Dear Sasha, Is the elusive, hot bi-girl just a threesome fantasy or does she really exist? Why is finding a young, interested (and NON FLAKEY) hottie to join us in a threesome so damn hard? We have been trying religiously for two years on various online sites, going out and picking up and haven’t had enough luck.
It’s caused us stress and lately our relationship has been filled with angst and unfulfilled desires. We love each other so much, we wouldn’t be into this if not—both of us recognize each other’s needs and are 100 per cent supportive. We have no restrictions, neither of us gets jealous and I am just as turned on watching my man fuck her as he is watching me. We are into this purely for the fun and sex and nothing more, but if it feels great, we would do it again with the same girl, especially given how hard it is to find serious thirds.
We are passionate—and I won’t lie—pretty fucking horny. All we want is to indulge a hottie in some sexy playtime. We are both hot, young, sexually charged and love women. How can this be so hard? Do you have any suggestions from your personal experiences? Do you know of other couples looking for a third going through this frustration? What are their strategies? Why are some girls so slutty with guys, but when it comes to a nice clean couple, they’re too shy? Please spare me any lectures on semantics, feminism and resist the temptation to comment on whether you think we are being “too picky,” or “needy,” or what is already obvious, like the fact that we can’t expect everyone to be into us both or to be swingers—we know.
—Flustered Fuckers
Dear Flustered,
Let’s just get one thing straight: This is my column and I probably started writing it before you could even count to three, so if you don’t want to hear what I have to say, then don’t ask. Since you did though, what I’m going to do is pull out one of my favourite Québécois expressions and tell you to calme ton sexe. Nobody being approached for sex, no matter what the circumstances or configuration, likes to feel as though someone’s life is at stake unless they put out (barring military recruitment, which seems to make some people crazy).
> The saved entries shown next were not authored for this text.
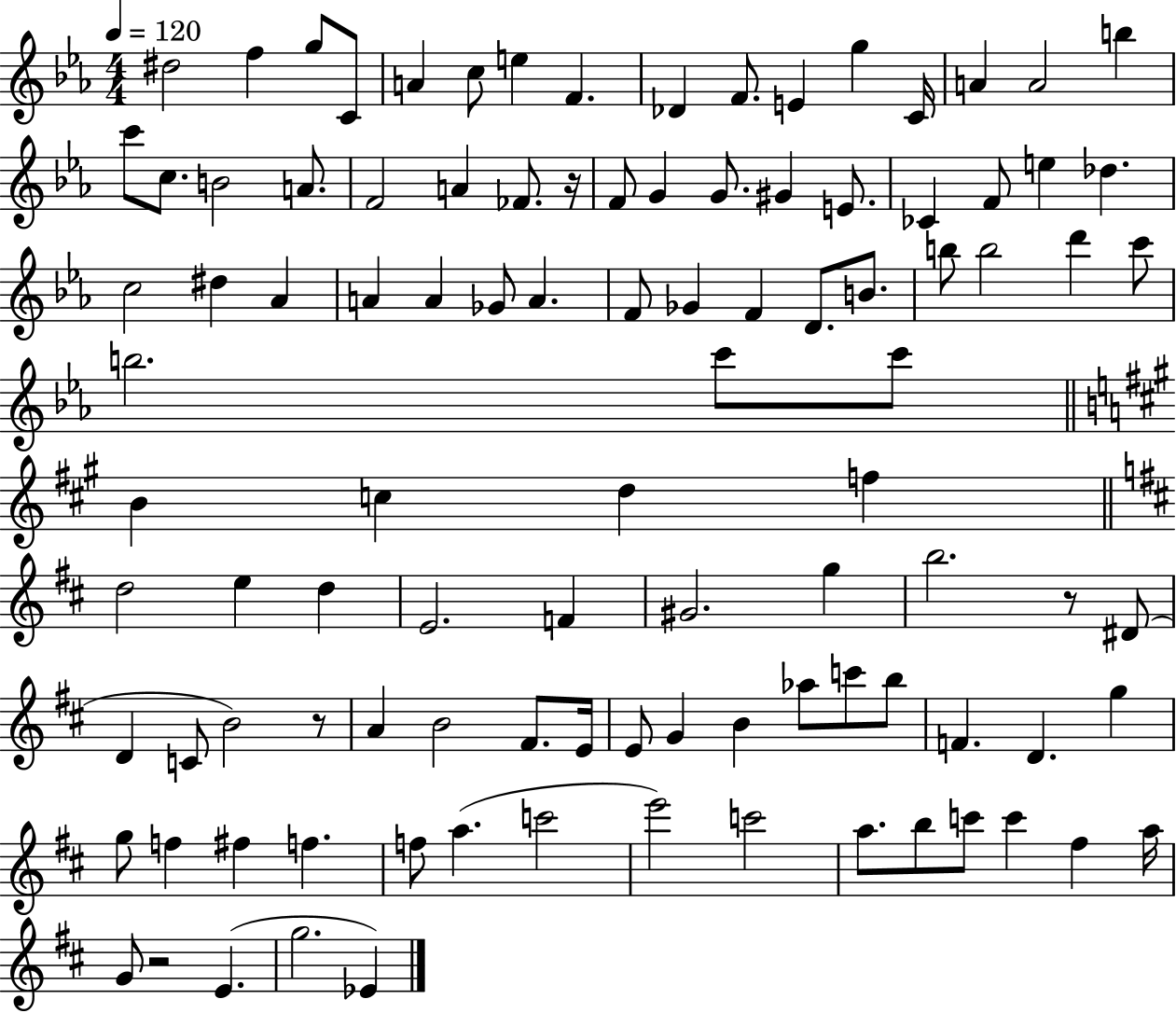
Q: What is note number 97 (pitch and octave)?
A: E4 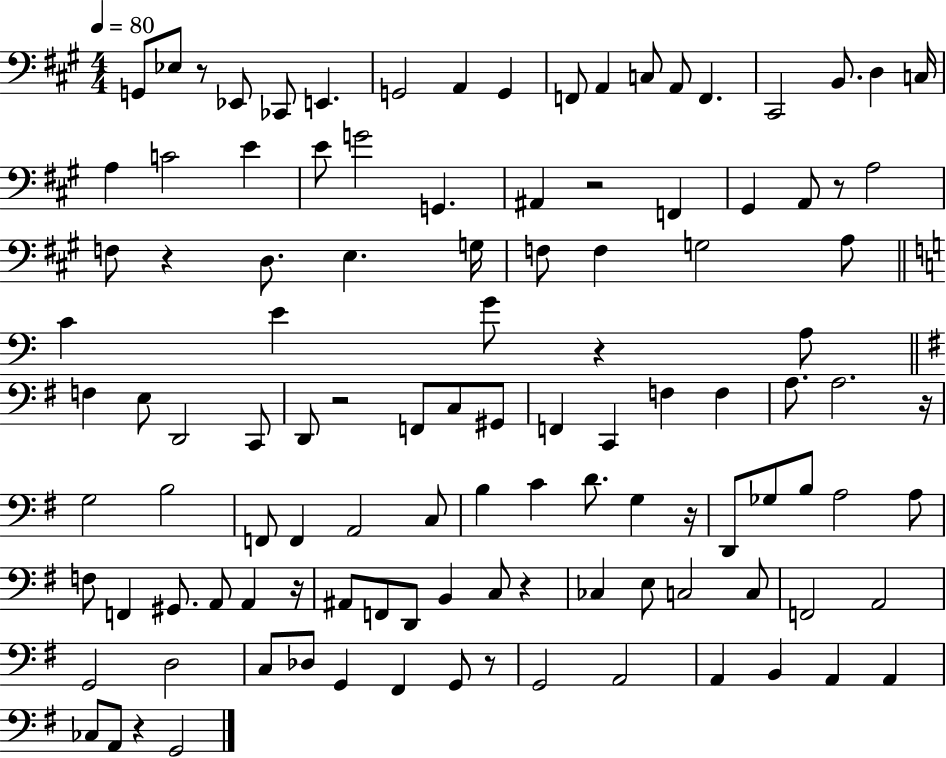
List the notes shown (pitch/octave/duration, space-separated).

G2/e Eb3/e R/e Eb2/e CES2/e E2/q. G2/h A2/q G2/q F2/e A2/q C3/e A2/e F2/q. C#2/h B2/e. D3/q C3/s A3/q C4/h E4/q E4/e G4/h G2/q. A#2/q R/h F2/q G#2/q A2/e R/e A3/h F3/e R/q D3/e. E3/q. G3/s F3/e F3/q G3/h A3/e C4/q E4/q G4/e R/q A3/e F3/q E3/e D2/h C2/e D2/e R/h F2/e C3/e G#2/e F2/q C2/q F3/q F3/q A3/e. A3/h. R/s G3/h B3/h F2/e F2/q A2/h C3/e B3/q C4/q D4/e. G3/q R/s D2/e Gb3/e B3/e A3/h A3/e F3/e F2/q G#2/e. A2/e A2/q R/s A#2/e F2/e D2/e B2/q C3/e R/q CES3/q E3/e C3/h C3/e F2/h A2/h G2/h D3/h C3/e Db3/e G2/q F#2/q G2/e R/e G2/h A2/h A2/q B2/q A2/q A2/q CES3/e A2/e R/q G2/h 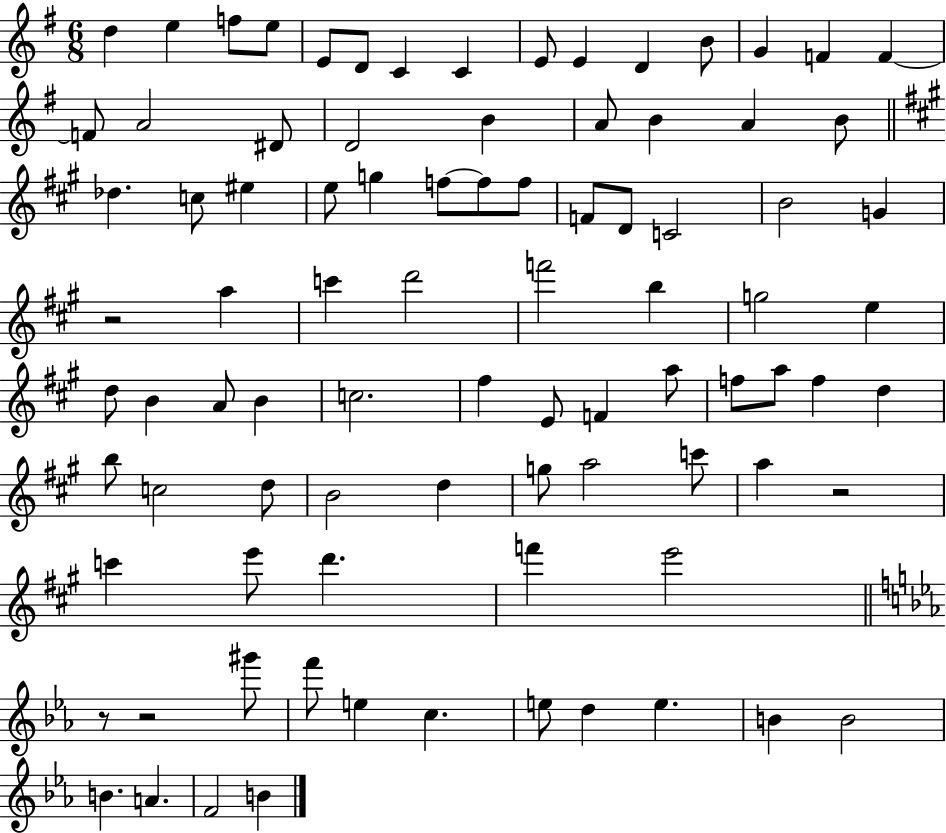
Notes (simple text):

D5/q E5/q F5/e E5/e E4/e D4/e C4/q C4/q E4/e E4/q D4/q B4/e G4/q F4/q F4/q F4/e A4/h D#4/e D4/h B4/q A4/e B4/q A4/q B4/e Db5/q. C5/e EIS5/q E5/e G5/q F5/e F5/e F5/e F4/e D4/e C4/h B4/h G4/q R/h A5/q C6/q D6/h F6/h B5/q G5/h E5/q D5/e B4/q A4/e B4/q C5/h. F#5/q E4/e F4/q A5/e F5/e A5/e F5/q D5/q B5/e C5/h D5/e B4/h D5/q G5/e A5/h C6/e A5/q R/h C6/q E6/e D6/q. F6/q E6/h R/e R/h G#6/e F6/e E5/q C5/q. E5/e D5/q E5/q. B4/q B4/h B4/q. A4/q. F4/h B4/q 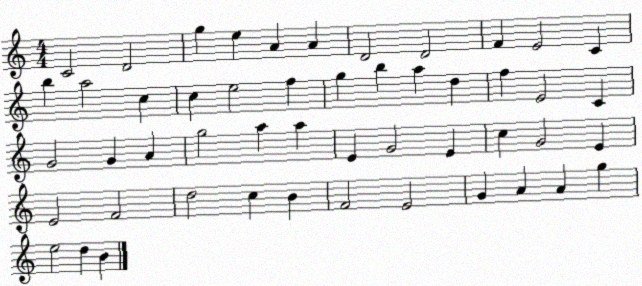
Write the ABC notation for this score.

X:1
T:Untitled
M:4/4
L:1/4
K:C
C2 D2 g e A A D2 D2 F E2 C b a2 c c e2 f g b a d f E2 C G2 G A g2 a a E G2 E c G2 E E2 F2 d2 c B F2 E2 G A A g e2 d B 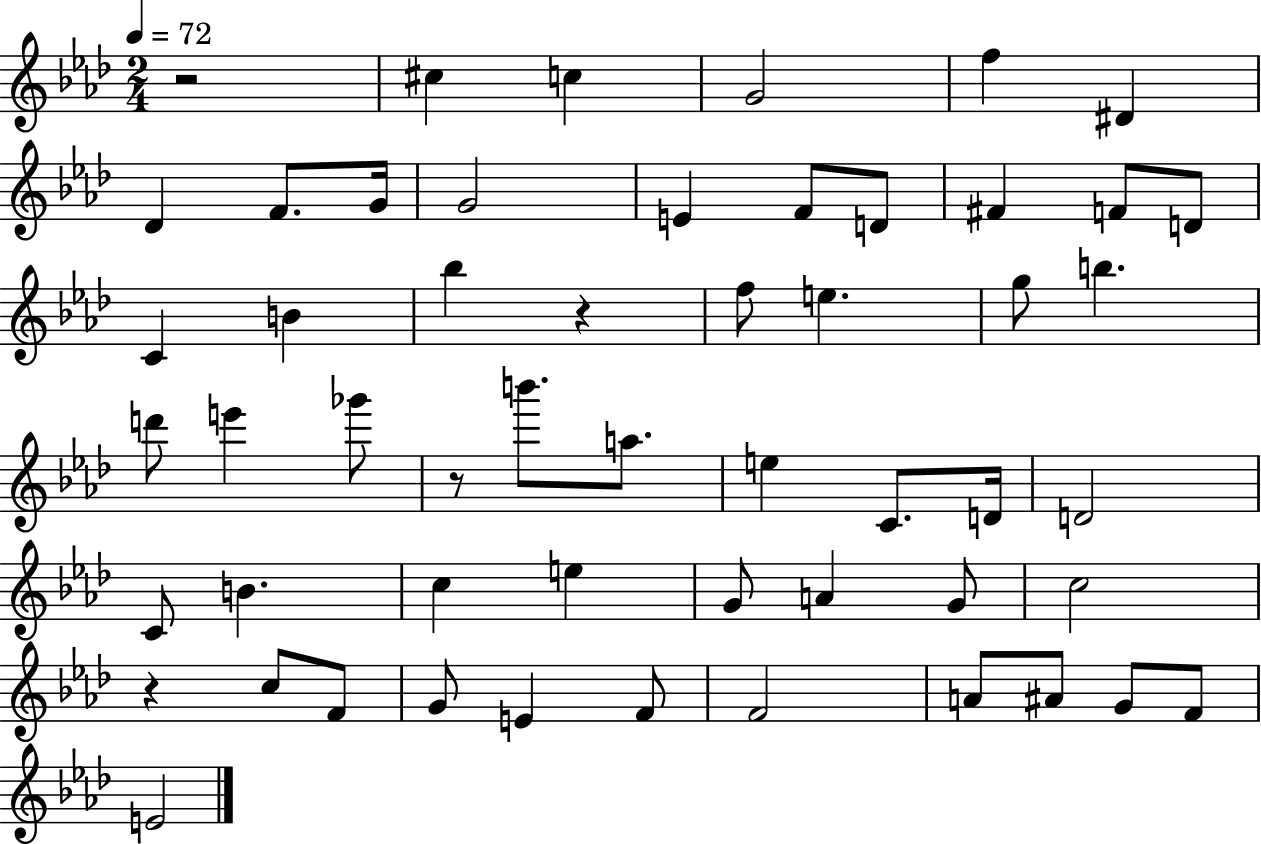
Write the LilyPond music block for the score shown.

{
  \clef treble
  \numericTimeSignature
  \time 2/4
  \key aes \major
  \tempo 4 = 72
  r2 | cis''4 c''4 | g'2 | f''4 dis'4 | \break des'4 f'8. g'16 | g'2 | e'4 f'8 d'8 | fis'4 f'8 d'8 | \break c'4 b'4 | bes''4 r4 | f''8 e''4. | g''8 b''4. | \break d'''8 e'''4 ges'''8 | r8 b'''8. a''8. | e''4 c'8. d'16 | d'2 | \break c'8 b'4. | c''4 e''4 | g'8 a'4 g'8 | c''2 | \break r4 c''8 f'8 | g'8 e'4 f'8 | f'2 | a'8 ais'8 g'8 f'8 | \break e'2 | \bar "|."
} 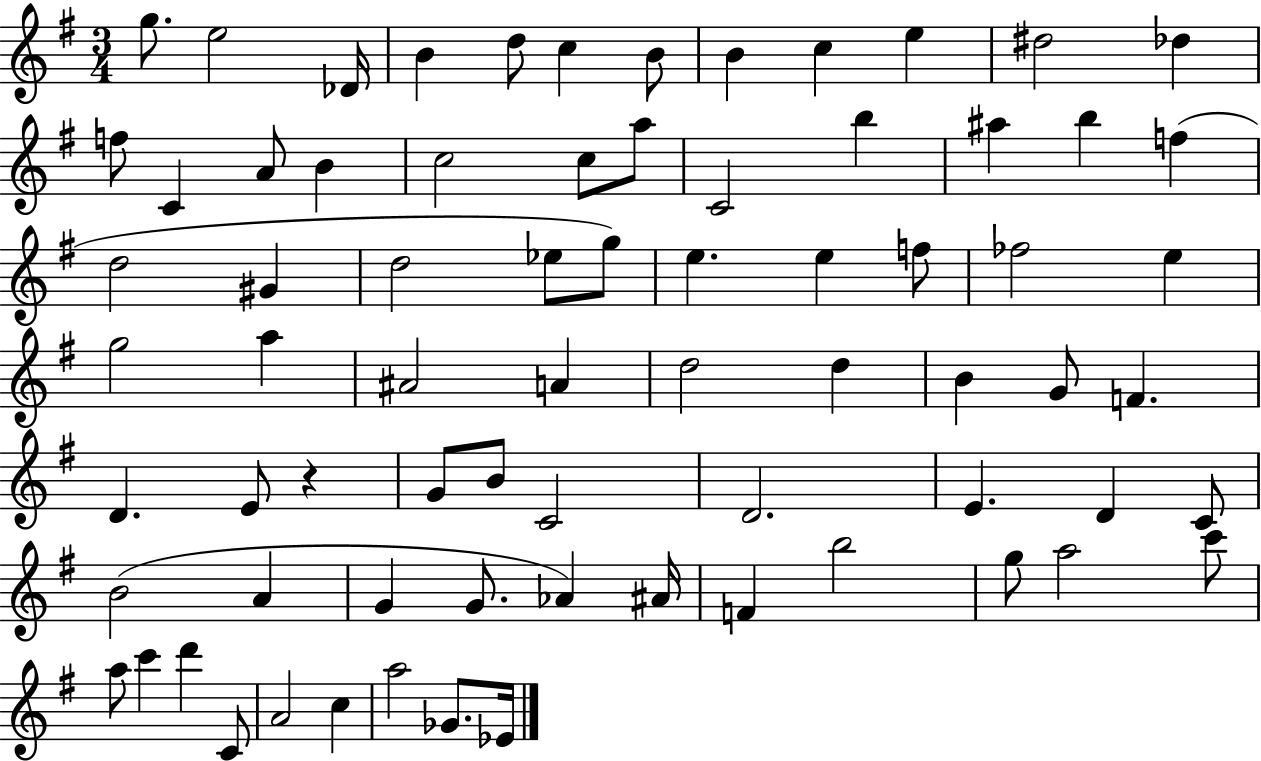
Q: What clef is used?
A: treble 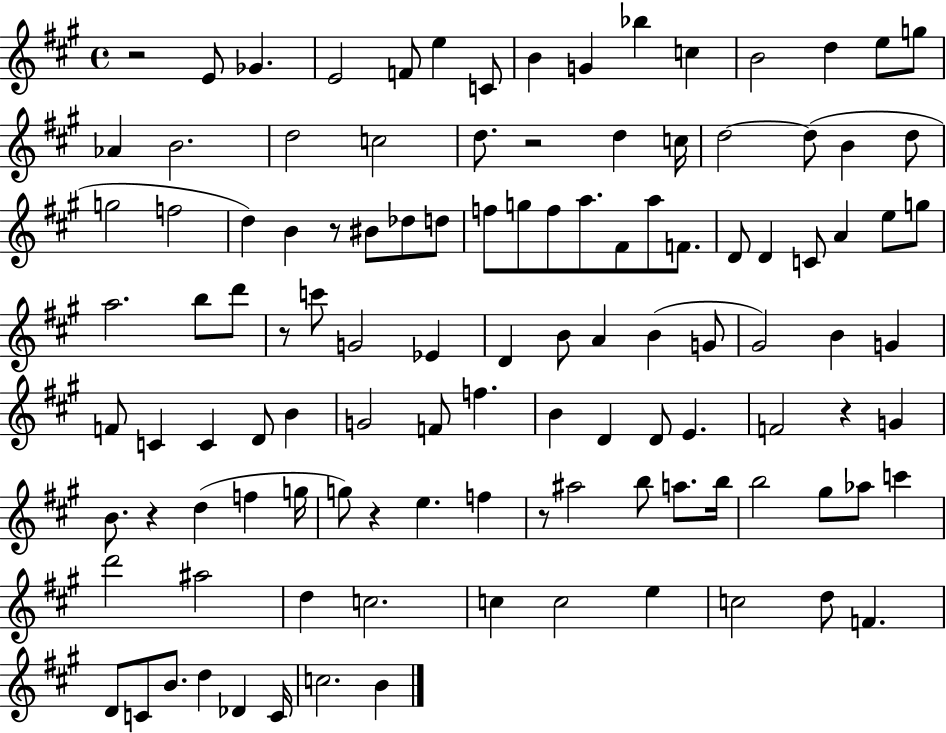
R/h E4/e Gb4/q. E4/h F4/e E5/q C4/e B4/q G4/q Bb5/q C5/q B4/h D5/q E5/e G5/e Ab4/q B4/h. D5/h C5/h D5/e. R/h D5/q C5/s D5/h D5/e B4/q D5/e G5/h F5/h D5/q B4/q R/e BIS4/e Db5/e D5/e F5/e G5/e F5/e A5/e. F#4/e A5/e F4/e. D4/e D4/q C4/e A4/q E5/e G5/e A5/h. B5/e D6/e R/e C6/e G4/h Eb4/q D4/q B4/e A4/q B4/q G4/e G#4/h B4/q G4/q F4/e C4/q C4/q D4/e B4/q G4/h F4/e F5/q. B4/q D4/q D4/e E4/q. F4/h R/q G4/q B4/e. R/q D5/q F5/q G5/s G5/e R/q E5/q. F5/q R/e A#5/h B5/e A5/e. B5/s B5/h G#5/e Ab5/e C6/q D6/h A#5/h D5/q C5/h. C5/q C5/h E5/q C5/h D5/e F4/q. D4/e C4/e B4/e. D5/q Db4/q C4/s C5/h. B4/q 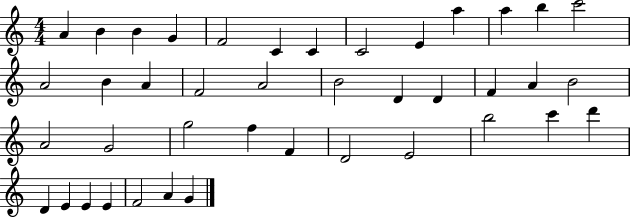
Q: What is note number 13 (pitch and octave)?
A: C6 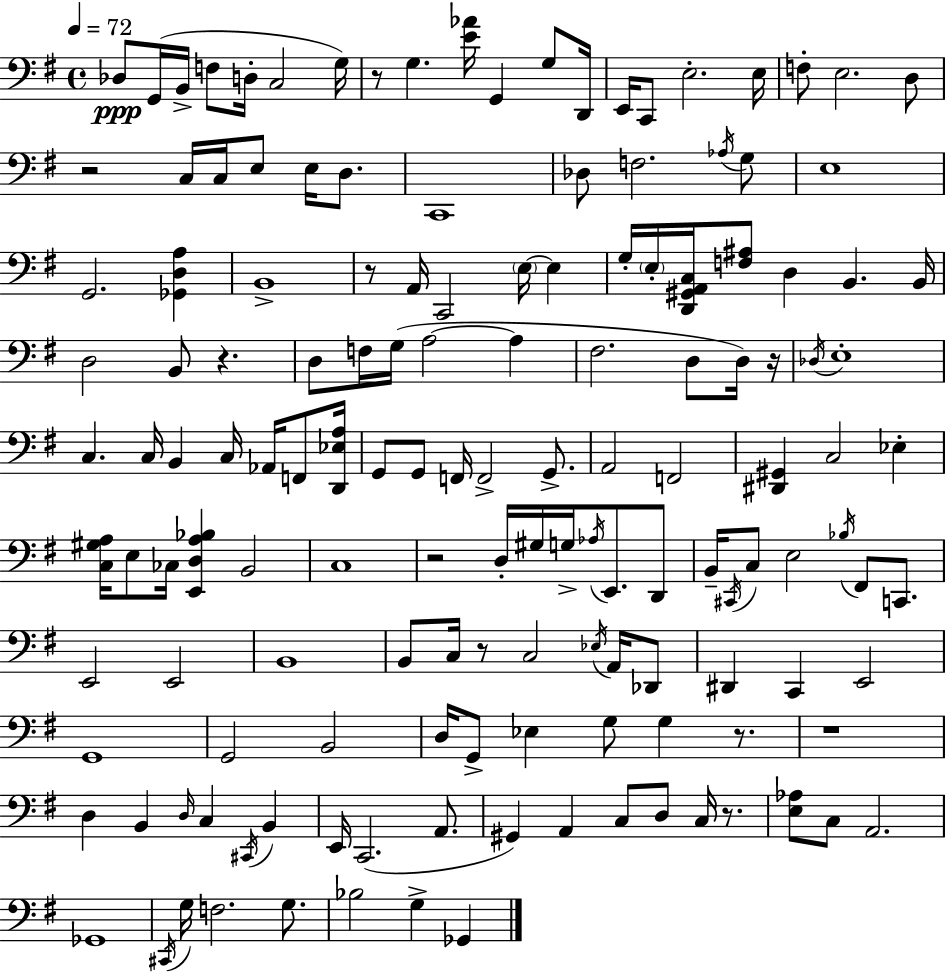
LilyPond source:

{
  \clef bass
  \time 4/4
  \defaultTimeSignature
  \key e \minor
  \tempo 4 = 72
  des8\ppp g,16( b,16-> f8 d16-. c2 g16) | r8 g4. <e' aes'>16 g,4 g8 d,16 | e,16 c,8 e2.-. e16 | f8-. e2. d8 | \break r2 c16 c16 e8 e16 d8. | c,1 | des8 f2. \acciaccatura { aes16 } g8 | e1 | \break g,2. <ges, d a>4 | b,1-> | r8 a,16 c,2 \parenthesize e16~~ e4 | g16-. \parenthesize e16-. <d, gis, a, c>16 <f ais>8 d4 b,4. | \break b,16 d2 b,8 r4. | d8 f16 g16( a2~~ a4 | fis2. d8 d16) | r16 \acciaccatura { des16 } e1-. | \break c4. c16 b,4 c16 aes,16 f,8 | <d, ees a>16 g,8 g,8 f,16 f,2-> g,8.-> | a,2 f,2 | <dis, gis,>4 c2 ees4-. | \break <c gis a>16 e8 ces16 <e, d a bes>4 b,2 | c1 | r2 d16-. gis16 g16-> \acciaccatura { aes16 } e,8. | d,8 b,16-- \acciaccatura { cis,16 } c8 e2 \acciaccatura { bes16 } | \break fis,8 c,8. e,2 e,2 | b,1 | b,8 c16 r8 c2 | \acciaccatura { ees16 } a,16 des,8 dis,4 c,4 e,2 | \break g,1 | g,2 b,2 | d16 g,8-> ees4 g8 g4 | r8. r1 | \break d4 b,4 \grace { d16 } c4 | \acciaccatura { cis,16 } b,4 e,16 c,2.( | a,8. gis,4) a,4 | c8 d8 c16 r8. <e aes>8 c8 a,2. | \break ges,1 | \acciaccatura { cis,16 } g16 f2. | g8. bes2 | g4-> ges,4 \bar "|."
} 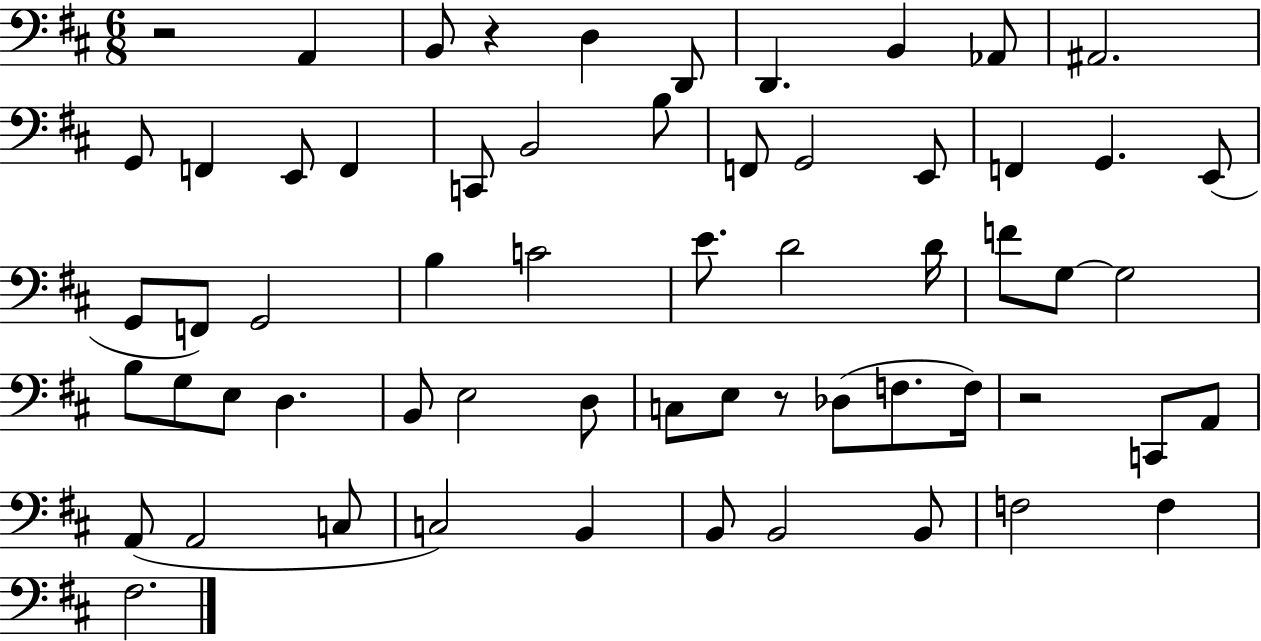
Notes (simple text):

R/h A2/q B2/e R/q D3/q D2/e D2/q. B2/q Ab2/e A#2/h. G2/e F2/q E2/e F2/q C2/e B2/h B3/e F2/e G2/h E2/e F2/q G2/q. E2/e G2/e F2/e G2/h B3/q C4/h E4/e. D4/h D4/s F4/e G3/e G3/h B3/e G3/e E3/e D3/q. B2/e E3/h D3/e C3/e E3/e R/e Db3/e F3/e. F3/s R/h C2/e A2/e A2/e A2/h C3/e C3/h B2/q B2/e B2/h B2/e F3/h F3/q F#3/h.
You say you’re looking for nothing but fun yet it sounds like anything but for your quarry, what with the spectre of angst and unfulfilled desires ever looming. When you were single, did you relish being stalked by ravenous, embittered tag teams? Honestly, this resentful attitude towards girls who are apparently so slutty with guys is very unattractive and self-defeating. Aren’t you sleeping with a guy? And don’t you want girls to be slutty with him? I mean, let’s have a little introspection here, especially when we’re demanding it, in caps no less, of our third.
People aren’t obliged to find your offer tempting and frankly, I can see why they’re not. You probably started out thinking that your door was going to be banged down and when it wasn’t, you began doubting your appeal, even to each other. Now you’re rushing about desperately trying to find someone to validate your charisma as a couple.
Presently, it seems like the only go-between you should be enlisting is a professional. A good couples therapist will cost you about $130 an hour or alternately, a qualified hooker shouldn’t run you much more than twice that. If the idea of paying for help is beyond your convulsing egos or pocketbooks, well, you as much as said it yourself, you’re swingers, so get online and start researching your local clubs and communities.
Many swing clubs are looking to attract a younger, prettier clientele these days, though standards for flakey or forlorn can’t be vouched for. Doormen are not handing out Proust questionnaires after all, they just want to make sure everyone’s tans are fresh and they’re not too fat. Whatever you choose to do, again, just take it easy. Eau de Frantique stinks.